If you can’t come up with an agenda, you shouldn’t be holding a meeting. Before calling a meeting, you should be clear on what needs to be discussed and what outcomes you’re looking for.
Announce up-front what you want the take-aways from the meeting to be. You might say at the start, “We have one hour to cover A, B, and C. At the end of this meeting, I’m hoping we’ll have ___.”
If a topic comes up during the meeting that isn’t on the agenda, decide on the spot if it’s truly important enough to displace another topic. Usually it won’t be, and in those cases, you should say, “Let’s put that on the agenda for another time” and move the conversation back to what you’re there to discuss.
If you don’t take the start time seriously, people will start showing up later and later, wasting more and more of the punctual participants’ time.
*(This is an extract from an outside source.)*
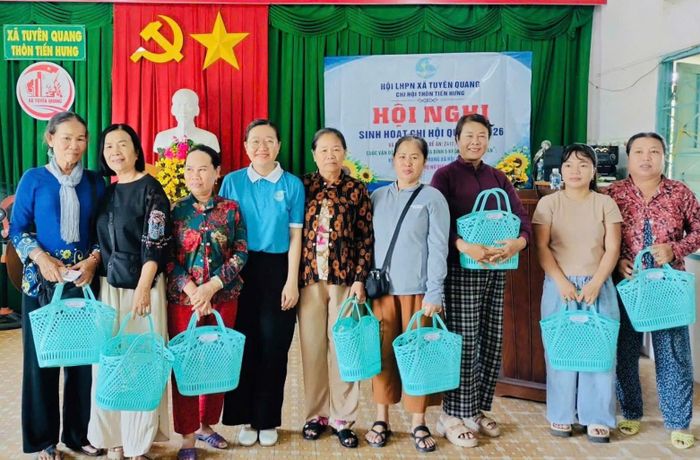 Hội LHPN xã Tuyên Quang trao tặng giỏ nhựa cho hội viên sử dụng trong sinh hoạt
Apply the same rigor to the ending time, too: Set a time limit, announce it at the start, and warn people when you’re five or ten minutes away from wrapping things up.
Whether it’s you or someone else, someone needs to be in charge of keeping the meeting moving, redirecting conversation as needed, teasing out action items, cutting off ramblers, and wrapping it up on time.
Nothing is worse than a long meeting that ends with no clear path forward. So at the end of every meeting, make sure everyone is clear on next steps – that the conversation has been translated into action items, and each of those action items has a clear owner.